## [What the task requires]
Where the line with "Desert Coloring Book Page Colorly.art.png" appears below, start writing out lines exactly, and finish with the line with "a history of", which is included; write out nothing else.

====== Supplied records

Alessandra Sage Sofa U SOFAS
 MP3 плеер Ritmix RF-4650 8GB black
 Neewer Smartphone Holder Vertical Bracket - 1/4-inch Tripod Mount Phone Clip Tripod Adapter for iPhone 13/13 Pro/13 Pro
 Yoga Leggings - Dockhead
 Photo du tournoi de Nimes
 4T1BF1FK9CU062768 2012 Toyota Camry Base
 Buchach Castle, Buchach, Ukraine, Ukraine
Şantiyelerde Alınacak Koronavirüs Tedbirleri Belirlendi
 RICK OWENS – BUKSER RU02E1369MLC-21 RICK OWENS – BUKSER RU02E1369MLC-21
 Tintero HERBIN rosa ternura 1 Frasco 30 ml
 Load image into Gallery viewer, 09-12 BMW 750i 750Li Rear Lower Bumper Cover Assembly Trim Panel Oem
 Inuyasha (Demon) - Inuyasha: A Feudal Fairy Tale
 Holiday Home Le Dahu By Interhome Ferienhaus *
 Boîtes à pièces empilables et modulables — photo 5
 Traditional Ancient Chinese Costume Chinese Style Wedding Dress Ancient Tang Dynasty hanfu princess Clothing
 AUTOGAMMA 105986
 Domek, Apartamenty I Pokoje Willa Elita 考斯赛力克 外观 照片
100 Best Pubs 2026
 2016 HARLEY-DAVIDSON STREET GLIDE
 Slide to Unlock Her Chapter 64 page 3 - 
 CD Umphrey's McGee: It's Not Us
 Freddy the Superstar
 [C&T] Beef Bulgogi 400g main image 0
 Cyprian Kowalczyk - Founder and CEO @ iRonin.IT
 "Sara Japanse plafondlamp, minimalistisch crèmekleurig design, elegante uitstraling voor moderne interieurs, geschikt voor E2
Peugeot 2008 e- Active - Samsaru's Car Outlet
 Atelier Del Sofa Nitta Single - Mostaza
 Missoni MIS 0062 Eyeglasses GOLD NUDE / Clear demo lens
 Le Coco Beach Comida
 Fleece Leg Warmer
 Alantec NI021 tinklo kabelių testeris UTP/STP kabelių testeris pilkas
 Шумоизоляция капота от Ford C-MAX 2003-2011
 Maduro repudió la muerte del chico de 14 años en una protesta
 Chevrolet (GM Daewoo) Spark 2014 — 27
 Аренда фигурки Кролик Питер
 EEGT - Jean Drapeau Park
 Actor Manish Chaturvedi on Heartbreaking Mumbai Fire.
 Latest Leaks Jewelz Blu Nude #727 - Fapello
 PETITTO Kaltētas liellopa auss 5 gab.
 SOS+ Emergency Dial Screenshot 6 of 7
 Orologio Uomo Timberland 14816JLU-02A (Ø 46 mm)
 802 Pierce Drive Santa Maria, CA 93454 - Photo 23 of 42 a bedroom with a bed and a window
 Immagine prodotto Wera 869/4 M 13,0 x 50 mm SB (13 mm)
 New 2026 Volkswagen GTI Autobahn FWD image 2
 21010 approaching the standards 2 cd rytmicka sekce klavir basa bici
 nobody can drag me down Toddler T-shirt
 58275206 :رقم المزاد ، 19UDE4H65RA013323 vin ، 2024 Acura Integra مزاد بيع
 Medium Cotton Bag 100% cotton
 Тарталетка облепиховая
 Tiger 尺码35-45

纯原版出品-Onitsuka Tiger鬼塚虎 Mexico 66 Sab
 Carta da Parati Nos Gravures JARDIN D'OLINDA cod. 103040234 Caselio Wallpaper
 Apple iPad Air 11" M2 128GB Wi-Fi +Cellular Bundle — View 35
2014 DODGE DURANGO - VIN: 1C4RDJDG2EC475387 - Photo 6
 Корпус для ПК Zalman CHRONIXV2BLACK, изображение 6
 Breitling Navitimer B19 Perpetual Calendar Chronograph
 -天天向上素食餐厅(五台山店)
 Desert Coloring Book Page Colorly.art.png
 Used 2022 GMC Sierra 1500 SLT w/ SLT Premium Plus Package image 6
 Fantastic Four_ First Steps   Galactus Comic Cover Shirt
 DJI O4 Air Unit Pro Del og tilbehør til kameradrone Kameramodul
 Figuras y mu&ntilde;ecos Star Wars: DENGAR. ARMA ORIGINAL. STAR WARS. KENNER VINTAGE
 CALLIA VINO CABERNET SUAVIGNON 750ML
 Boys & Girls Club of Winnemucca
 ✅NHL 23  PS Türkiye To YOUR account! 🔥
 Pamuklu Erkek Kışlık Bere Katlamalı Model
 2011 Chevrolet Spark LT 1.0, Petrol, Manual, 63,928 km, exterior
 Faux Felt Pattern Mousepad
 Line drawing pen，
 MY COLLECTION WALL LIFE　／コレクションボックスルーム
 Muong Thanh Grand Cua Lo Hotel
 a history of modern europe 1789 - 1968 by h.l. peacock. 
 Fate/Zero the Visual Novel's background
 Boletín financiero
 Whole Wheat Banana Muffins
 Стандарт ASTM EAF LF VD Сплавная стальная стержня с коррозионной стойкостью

============

## [Written reply]
 Desert Coloring Book Page Colorly.art.png
 Used 2022 GMC Sierra 1500 SLT w/ SLT Premium Plus Package image 6
 Fantastic Four_ First Steps   Galactus Comic Cover Shirt
 DJI O4 Air Unit Pro Del og tilbehør til kameradrone Kameramodul
 Figuras y mu&ntilde;ecos Star Wars: DENGAR. ARMA ORIGINAL. STAR WARS. KENNER VINTAGE
 CALLIA VINO CABERNET SUAVIGNON 750ML
 Boys & Girls Club of Winnemucca
 ✅NHL 23  PS Türkiye To YOUR account! 🔥
 Pamuklu Erkek Kışlık Bere Katlamalı Model
 2011 Chevrolet Spark LT 1.0, Petrol, Manual, 63,928 km, exterior
 Faux Felt Pattern Mousepad
 Line drawing pen，
 MY COLLECTION WALL LIFE　／コレクションボックスルーム
 Muong Thanh Grand Cua Lo Hotel
 a history of modern europe 1789 - 1968 by h.l. peacock. 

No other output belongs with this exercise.